Tshisekedi invite Ndayishimiye à l’ONU pour une réunion clé sur ressources et paix
Face aux défis pressants du continent africain, le président de la République démocratique du Congo, Félix Tshisekedi, a lancé un appel vibrant, le mardi 23 juin 2026, en faveur d’une action concertée et d’une défense plus résolue des intérêts stratégiques de l’Afrique sur la scène mondiale.
Lors d’une conférence de presse tenue à Kinshasa après un échange fructueux avec son homologue burundais, Évariste Ndayishimiye, qui est également le président en exercice de l’Union africaine, le chef d’État congolais a insisté sur l’impératif pour les nations africaines d’adopter une approche plus cohérente et de renforcer leur solidarité face aux enjeux actuels.

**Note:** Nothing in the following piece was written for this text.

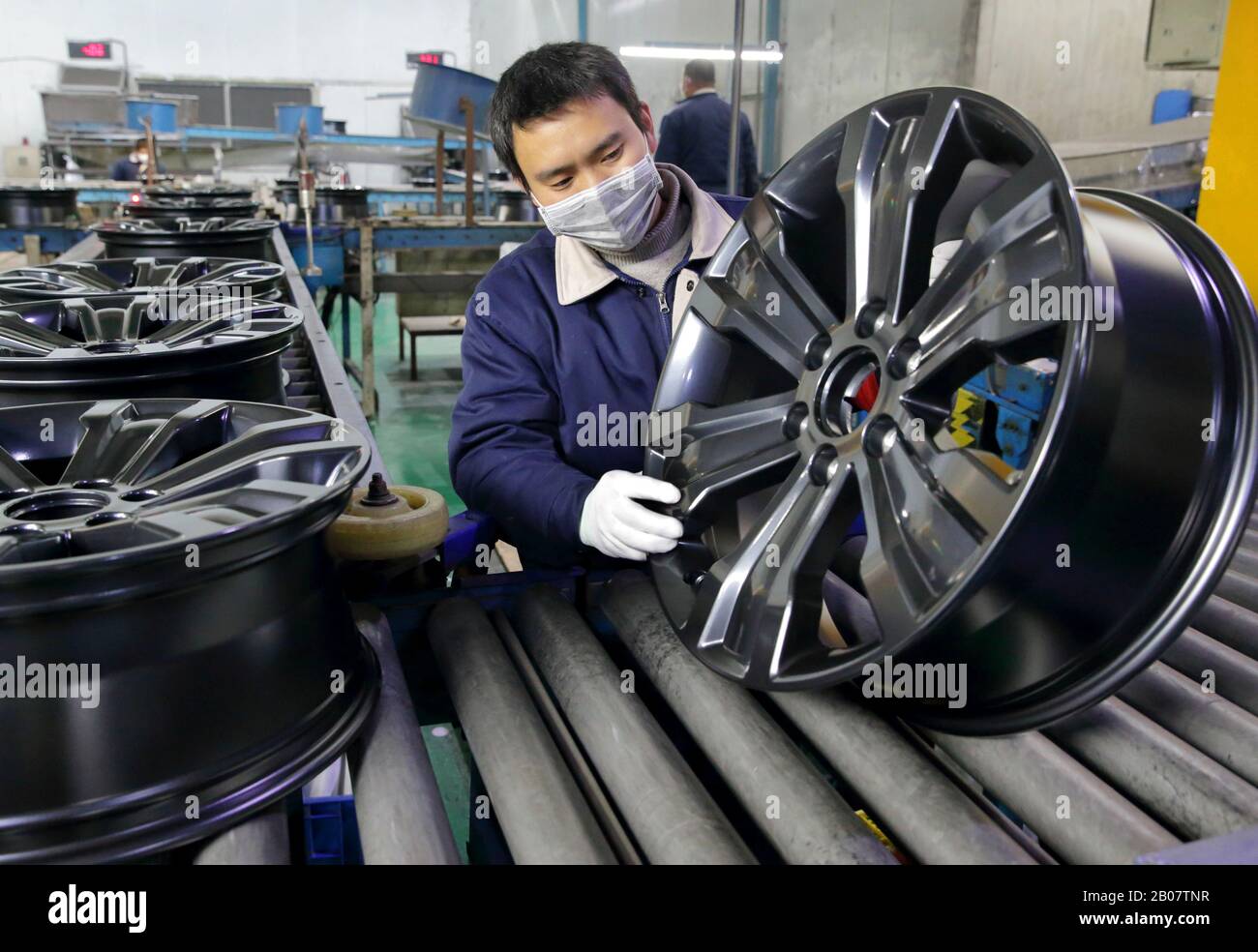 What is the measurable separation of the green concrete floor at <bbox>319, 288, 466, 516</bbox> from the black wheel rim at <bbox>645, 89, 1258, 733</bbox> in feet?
10.2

Dans cette dynamique, Félix Tshisekedi a officialisé l’invitation faite au président Évariste Ndayishimiye pour une participation à une réunion de haut niveau du Conseil de sécurité des Nations Unies. Cette session, que le président congolais présidera prochainement aux États-Unis d’Amérique, s’inscrit dans le cadre de la présidence de la République démocratique du Congo de cet organe influent en juillet 2026.

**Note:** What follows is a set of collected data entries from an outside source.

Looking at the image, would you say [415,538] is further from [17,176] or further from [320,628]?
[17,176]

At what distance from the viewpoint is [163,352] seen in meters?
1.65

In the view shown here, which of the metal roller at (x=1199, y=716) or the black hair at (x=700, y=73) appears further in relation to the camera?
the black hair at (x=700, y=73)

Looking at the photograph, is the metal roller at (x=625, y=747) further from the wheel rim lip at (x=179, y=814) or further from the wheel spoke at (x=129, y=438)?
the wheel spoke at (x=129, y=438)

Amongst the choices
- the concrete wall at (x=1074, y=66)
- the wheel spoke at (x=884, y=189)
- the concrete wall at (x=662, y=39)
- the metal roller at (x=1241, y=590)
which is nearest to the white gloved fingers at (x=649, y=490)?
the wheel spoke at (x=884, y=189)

« L’Afrique traverse une période cruciale. Notre continent est confronté à des défis sécuritaires complexes, à des crises humanitaires persistantes, aux impacts du changement climatique, aux pressions économiques globales, sans oublier les aspirations profondes de notre jeunesse. Devant ces réalités, l’Afrique doit s’exprimer avec une plus grande unité, agir avec une solidarité accrue et protéger avec une fermeté inébranlable ses intérêts vitaux. C’est dans cet esprit que j’ai eu l’honneur de convier mon frère, le président Évariste Ndayishimiye, à cette réunion de haut niveau que je dirigerai très bientôt au Conseil de sécurité des Nations Unies, à l’occasion de la présidence de ce Conseil par la RDC en juillet. Les discussions porteront sur les liens intrinsèques entre les ressources naturelles, la paix, la sécurité et le développement durable », a déclaré Félix Tshisekedi, président de la RDC.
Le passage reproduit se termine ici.